BERLIN (Reuters) - Approval ratings for German Chancellor Angela Merkel fell sharply last month, a poll showed on Friday, in the second sign of a voter backlash to her refugee policy since Islamist militant attacks in Germany last month.

With just over a year before a federal election, the poll for public broadcaster ZDF gave conservative Merkel an approval rating of 1.0, down from 1.4 in July on a scale of 5.0 to -5.0.

She came fourth in a ranking of politicians behind the Green state premier of Baden-Wuerttemberg, Winfried Kretschmann, Social Democrat Foreign Minister Frank-Walter Steinmeier and conservative Finance Minister Wolfgang Schaeuble.

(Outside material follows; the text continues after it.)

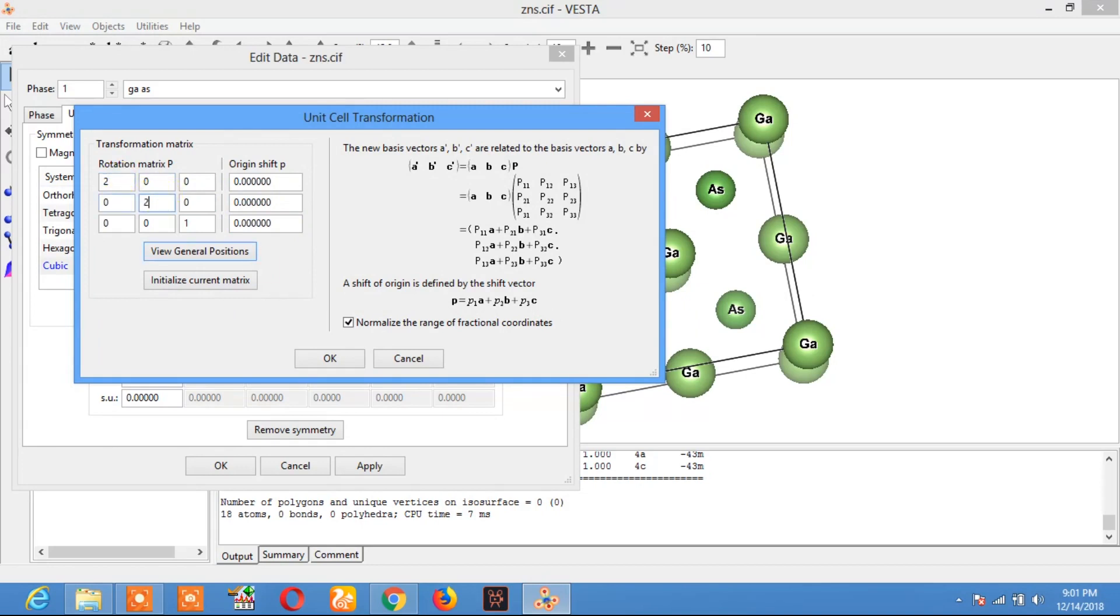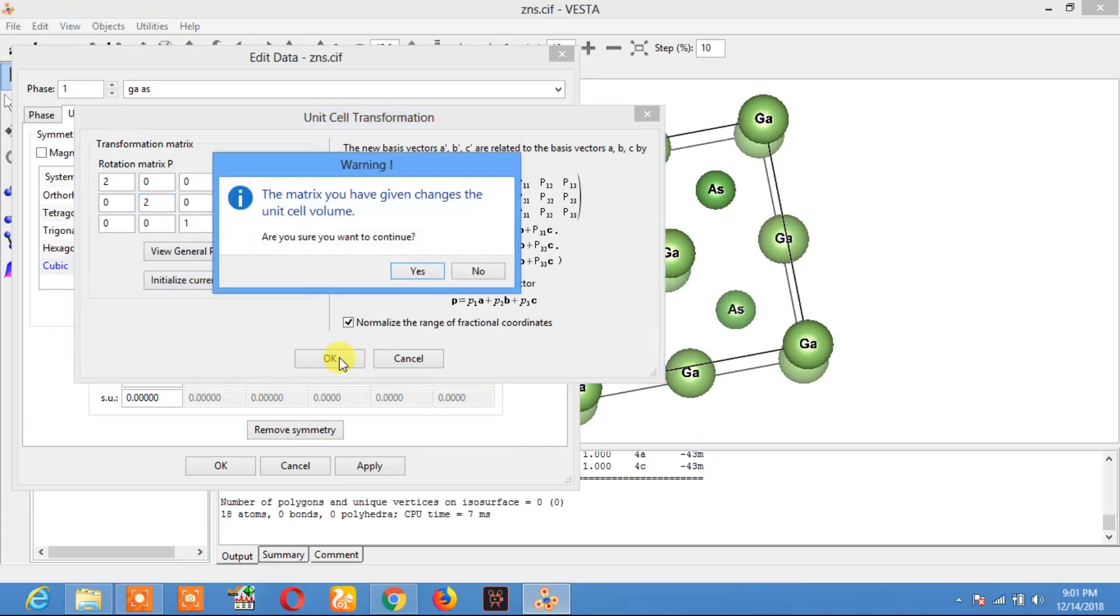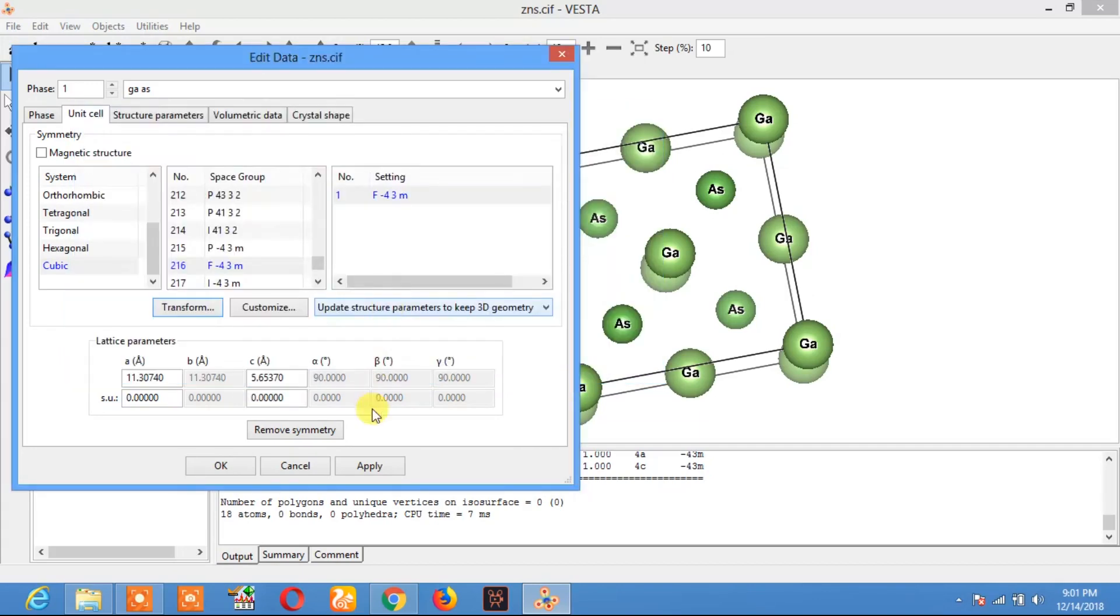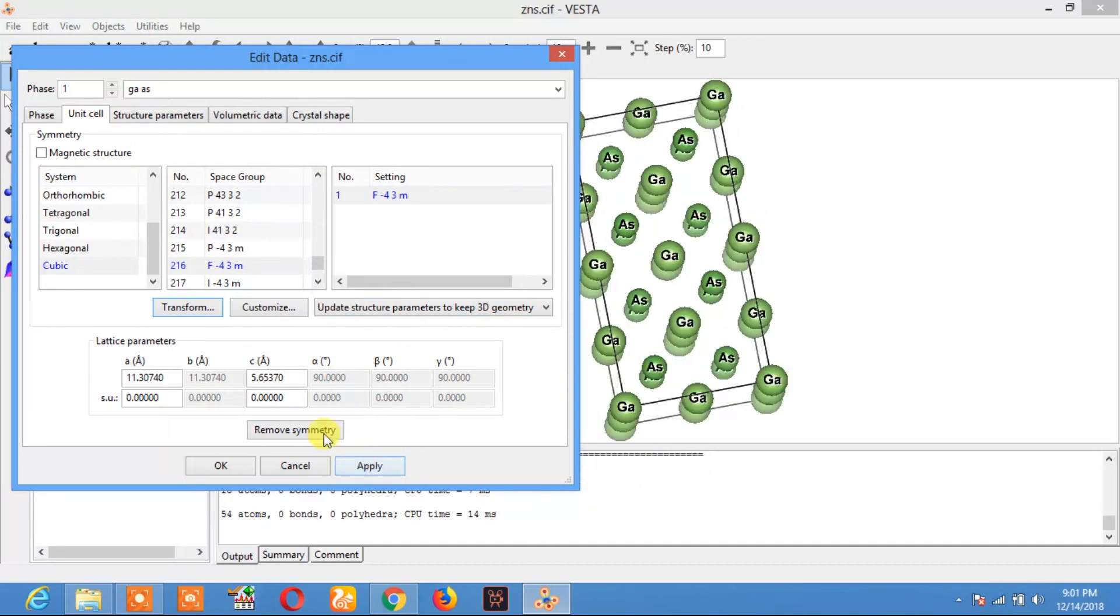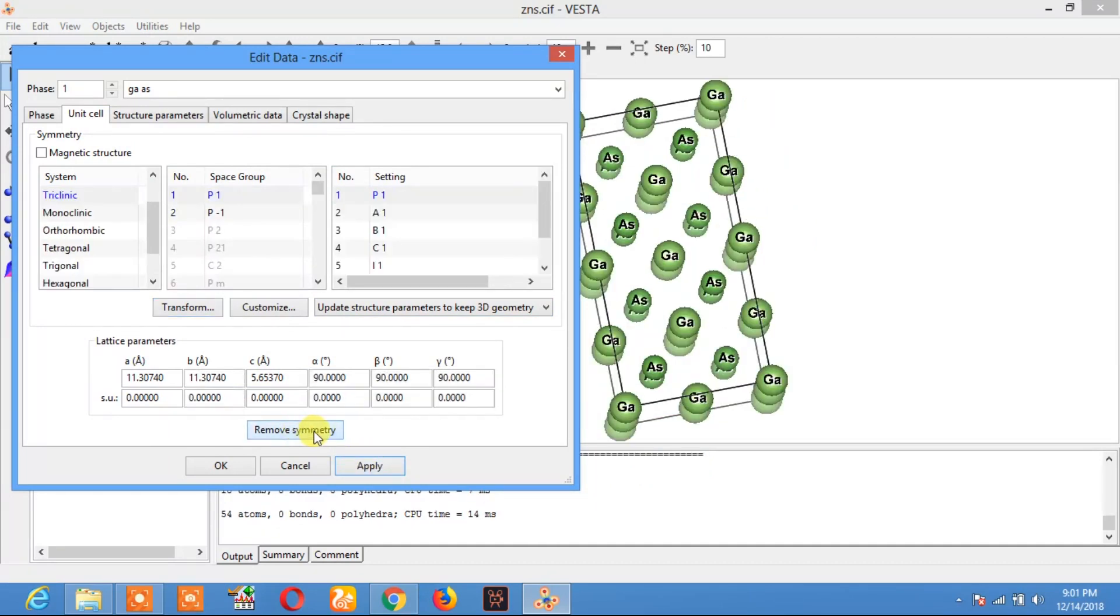Here I will remove the symmetry. Again, apply and click on OK.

The next electoral test for her conservatives comes in state elections next month in Berlin and Mecklenburg-Vorpommern that are expected to see a strong showing from the anti-immigrant Alternative for Germany (AfD).

Merkel's open-door migrant policy is under intense scrutiny after two attacks claimed by the jihadist militant group Islamic State last month.

The poll showed only 44 percent of Germans think her migrant policy is good and 52 percent view it as bad.

Although Germany has been spared Islamist attacks on the scale of those in France and Belgium, attacks on a train near Wuerzburg and at a music festival in Ansbach have shaken Germans and prompted the government to propose a range of new security measures.

The poll also showed 54 percent of Germans think the EU's disputed migrant deal with Turkey will fail. Some 35 percent believe the European Union's talks with Ankara over Turkish membership in the bloc should be stopped due to the political situation in Turkey.

Germans are worried about the integration of more than a million migrants who arrived last year alone, many fleeing war in Afghanistan, Syria and Iraq. Only two weeks ago, Merkel repeated her mantra that Germany could manage the influx of refugees and said she would not change course.

Under the refugee deal, Turkey has agreed to help stem the flow of migrants to Europe in exchange for financial aid and the promise of visa-free travel to much of the EU.